Our $125.0 million Senior Notes mature on August 1, 2009 and are callable August 1, 2004. Our $200.0 million Senior Notes mature on May 1, 2012. The indentures underlying our Senior Notes contain covenants that impose restrictions on us. Under the indentures, we are limited to the amount of debt that we can incur such that in general, after giving pro forma effect to such new debt, the consolidated interest coverage ratio would not exceed 2.5 to 1.0, or our indebtedness under our bank credit facility does not exceed the greater of $250.0 million or $150.0 million plus 25% of adjusted consolidated net tangible assets as defined under the indentures.
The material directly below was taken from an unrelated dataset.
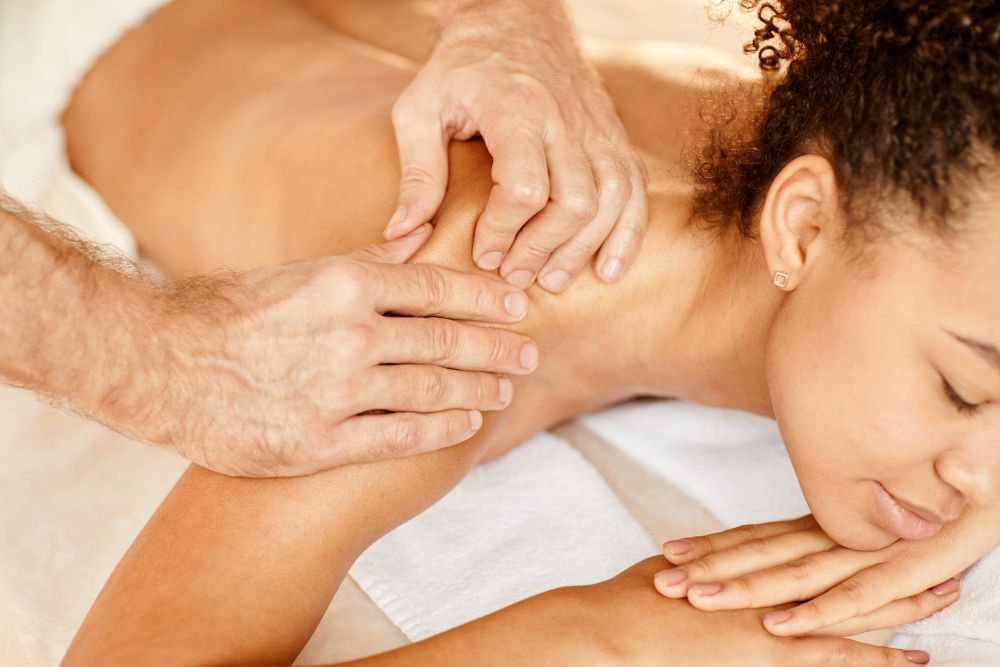 A massage therapist learning to do myofascial release for CEU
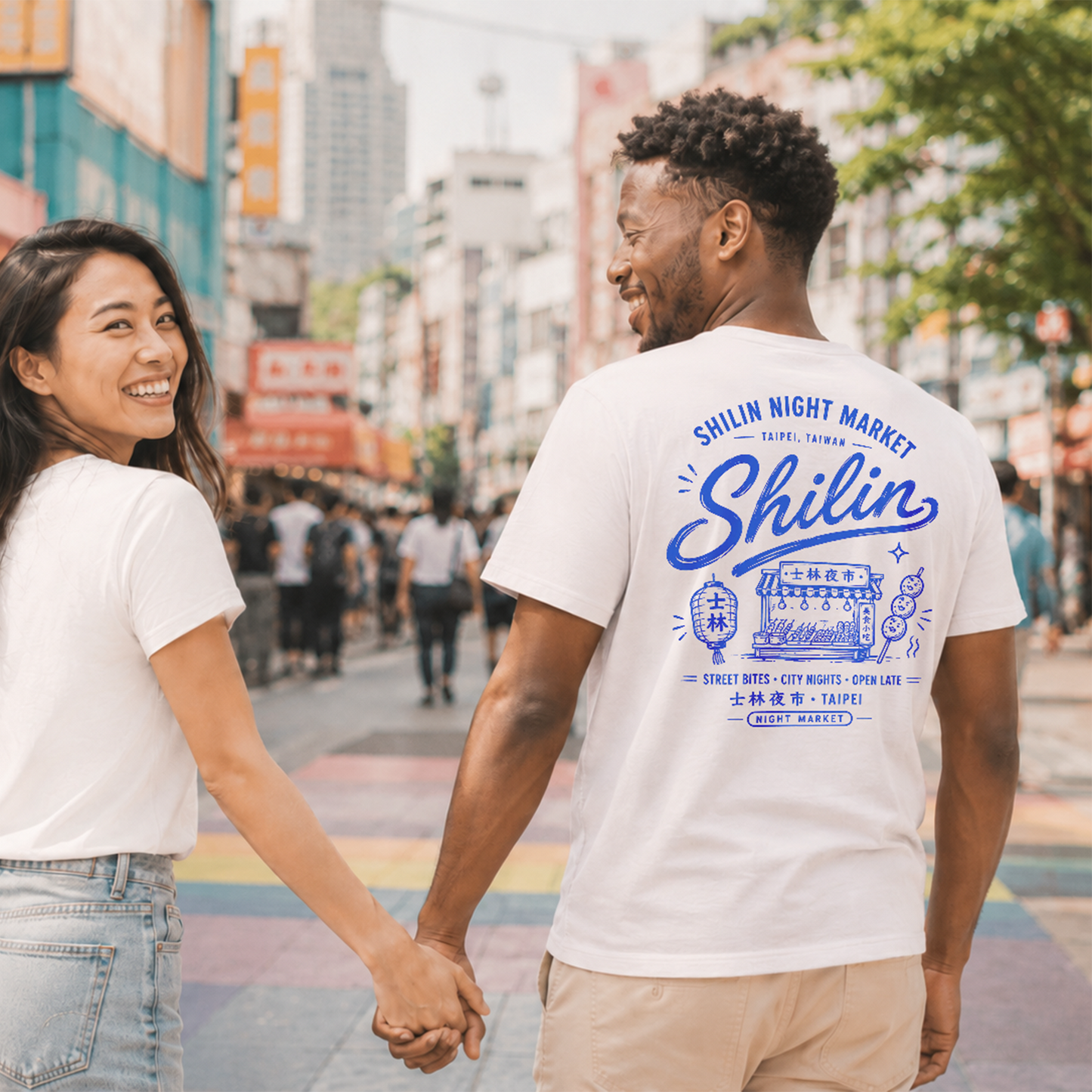Two people holding hands on a city street, both wearing white t-shirts with 'Shilin Night Market' design.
The aggregate amount of our common stock that we can repurchase is limited to $5.0 million under the indenture governing our Senior Notes due 2012 and $2.0 million under the indenture governing our Senior Notes due 2009. We believe that these restrictions will not have any material effect upon our business for the foreseeable future.
In January 2004, we filed a universal shelf registration statement with the SEC to allow us to offer up to $350 million of our securities in the future. Upon effectiveness of the registration statement, for a period of two years we may periodically offer one or more of these securities in amounts, prices and on terms to be announced when and if the securities are offered. The specifics of any future offerings, along with the use of proceeds of any securities offered, will be described in detail in a prospectus supplement at the time of any such offering.
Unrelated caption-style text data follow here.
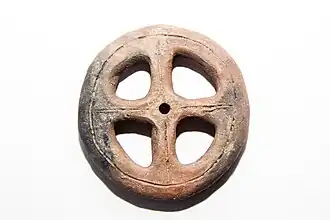 Fusaiola com raios em terracota (diâmetro 5,5cm), Holanda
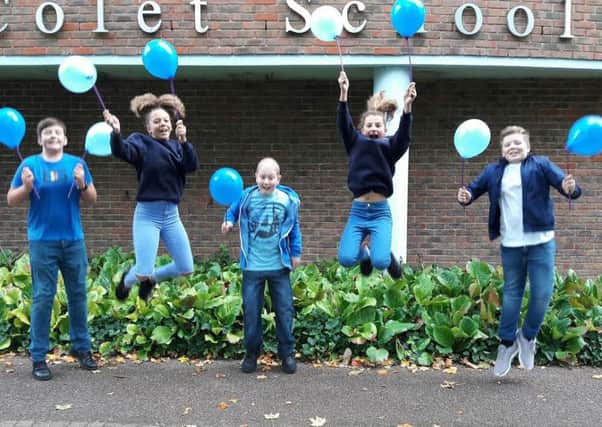 Pupils from John Colet School in Wendover wore blue for the day as part of a fundraiser for Ollie Gardener (pictured centre) PNL-161017-115055001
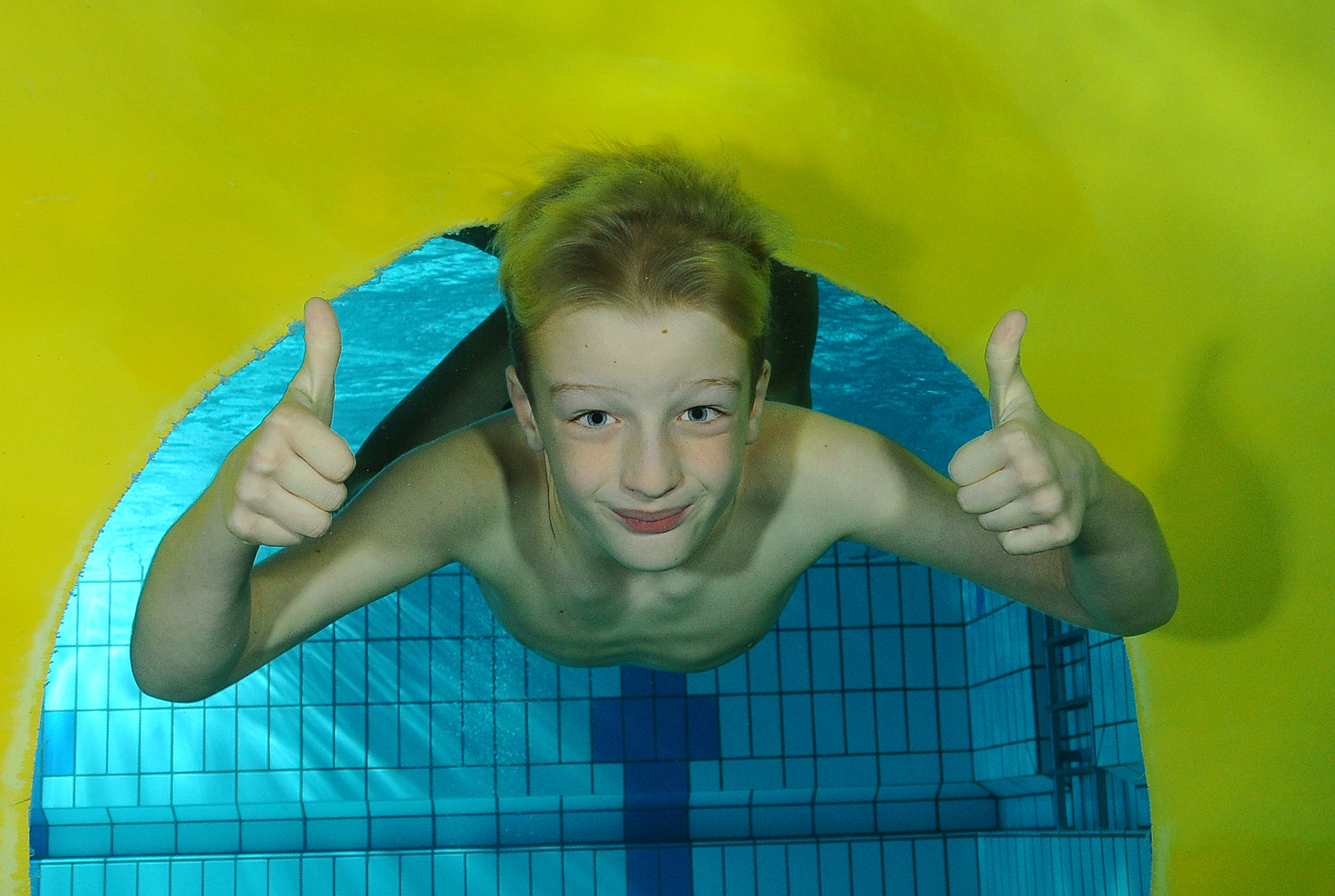 Kind steekt onder water twee duimen op onder de gele glijbaan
Working Capital. Our working capital declined from a negative $17.1 million at December 31, 2002, to a negative $35.1 million at December 31, 2003. The decrease was primarily due to an increase in accounts payable and accrued liabilities due to our year-end 2003 drilling activities. Consistent with prior years, we can draw on our available credit facility to remedy our working capital deficit if needed.
Capital Expenditures. In 2003, our capital expenditures of approximately $144.5 million included:
Domestic activities of $114.4 million, or 79% of total expenditures, as follows:
$57.0 million, or 39%, on developmental drilling, primarily in our Lake Washington area;
$25.9 million, or 18%, for the construction of production and surface facilities, mainly in our Lake Washington area;
$11.9 million, or 8%, on exploratory drilling, primarily in our Lake Washington area;
$11.4 million, or 8%, on domestic prospect costs, principally leasehold, seismic, and geological costs;
$4.4 million, or 3%, on field compression facilities;
$2.0 million, or 1%, for producing property acquisitions, including the purchase of property interests from partnerships managed by us;
$0.9 million, or less than 1%, for fixed assets; and
$0.9 million, or less than 1%, on gas processing plants in the Brookeland and Masters Creek areas.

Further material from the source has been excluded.